In his sixth season here, Akeem Jordan has done it all. He's started 27 games, he's been a deep reserve, he's played every linebacker position and he's been up on the active roster and he's been on the practice squad.
Career security is not a gimme for Jordan. Not by a long shot.
So he has always followed one mantra: Be prepared, because you never know when your situation is going to change.
"Be ready for anything, basically," says Jordan. "This is a crazy life."
So it is. And this week may be crazier than most for the Eagles, who have a handful of injuries that could very well cloud the who's-playing picture right up until Sunday morning. The wide receiver position, particularly, with Jeremy Maclin (hip pointer) and DeSean Jackson (hamstring) ailing. Could it be that Jason Avant and Damaris Johnson or even newly signed Mardy Gilyard start on Sunday against the outstanding Baltimore defense?
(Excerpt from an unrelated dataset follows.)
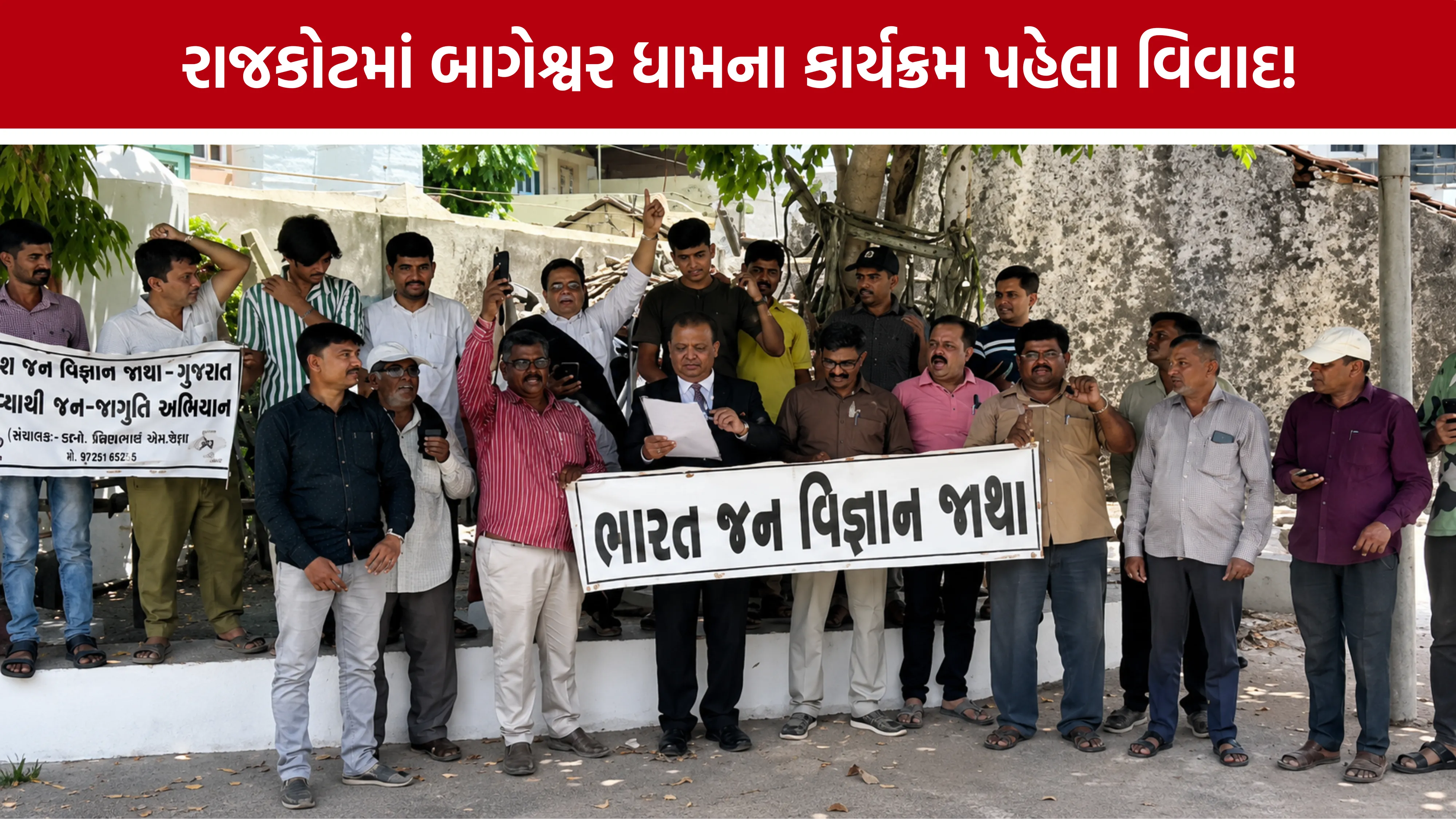 Bageshwar Dham Rajkot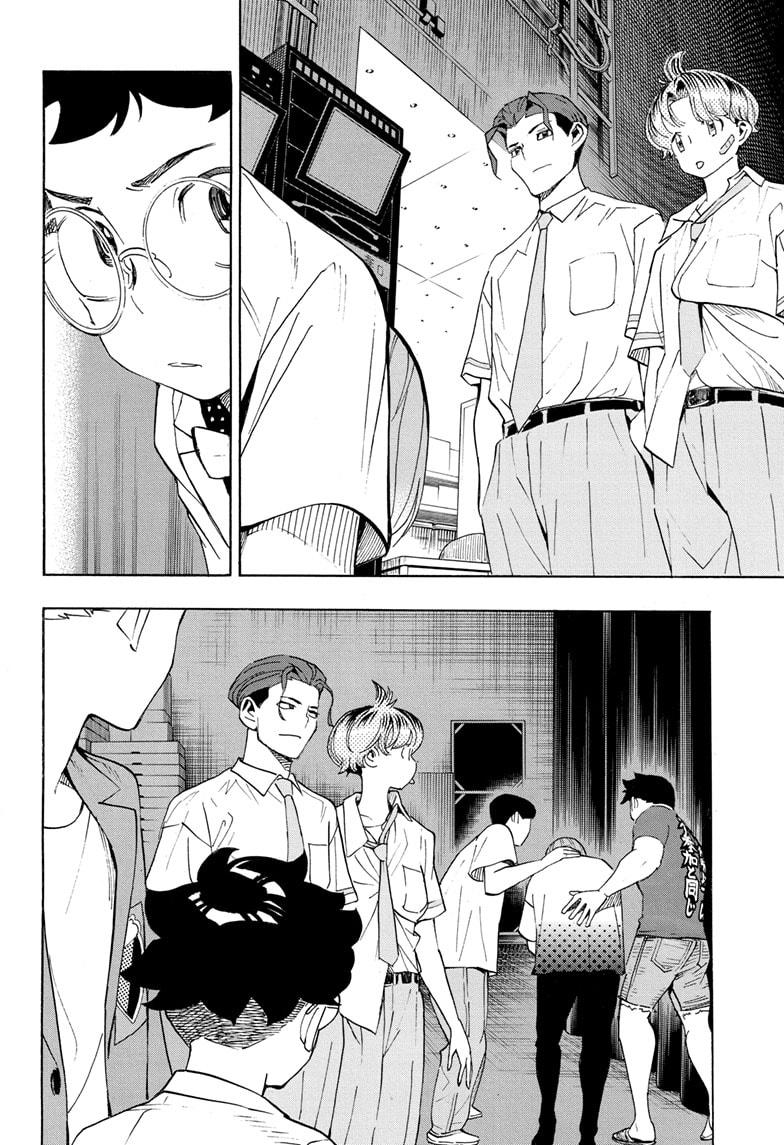 Read Show-ha Shoten! (en) Manga Online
Could be. Things happen in the NFL. It's a game of attrition, which is why every roster spot is so valuable and why every practice squad job is so important why every team's "secret" list of go-to players in case of an emergency is so closely guarded.
It doesn't matter whether you are a starter or a backup in this league. You prepare to play every week.
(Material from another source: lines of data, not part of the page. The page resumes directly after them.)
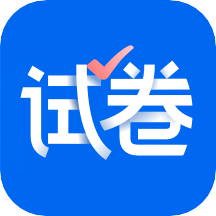 试卷宝app手机版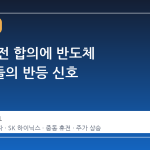 중동 휴전 합의에 반도체 대장주들의 반등 신호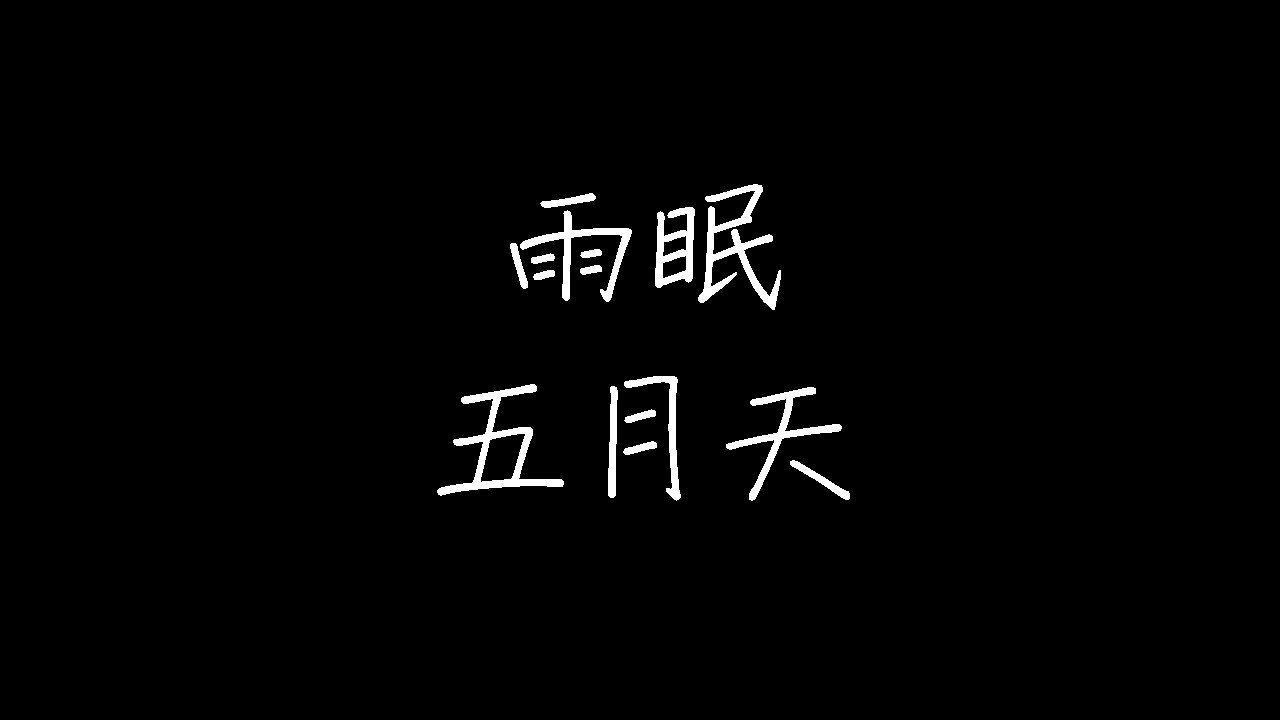 五月天 - 雨眠 (动态歌词)
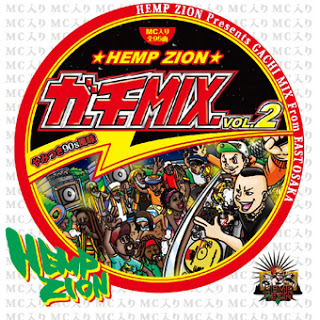 HEMP ZION ガチMIX vol.2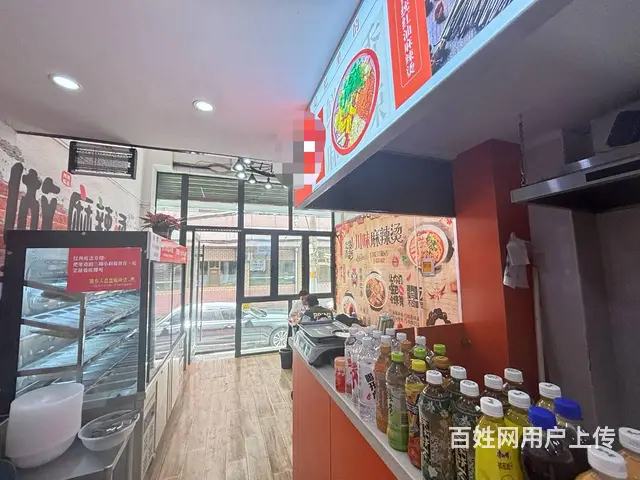 5687（金铺网）南关十字中街子麻辣烫店转让 - 图片 5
"Definitely," said left tackle King Dunlap. "You have to be ready to go. It can be tough when you aren't starting and you don't get that many reps in practice. You have to work on your own, to the side. You have to make the most of your time and prepare yourself for when they call you, because if you aren't ready when they call your name, you aren't going to be around for very long."
Players like Dunlap and Jordan and tight end Clay Harbor and, well, everyone on the roster knows the deal. The Eagles have a series of bumps and bruises that have left them thin at wide receiver and have forced them to shuffle the roster cards just a bit this week.
The hope is that the two days between now and Sunday's 1 p.m. kickoff will give Maclin and Jackson time to heal. Maybe they will feel good enough on Sunday to give it a go. But if they can't, the Eagles have to adjust on the fly. Would they, for example, have a throw-heavy approach if Maclin and Jackson are sidelined? How much changing of the personnel would they attempt? How creative could offensive coordinator Marty Mornhinweg get before damaging the continuity?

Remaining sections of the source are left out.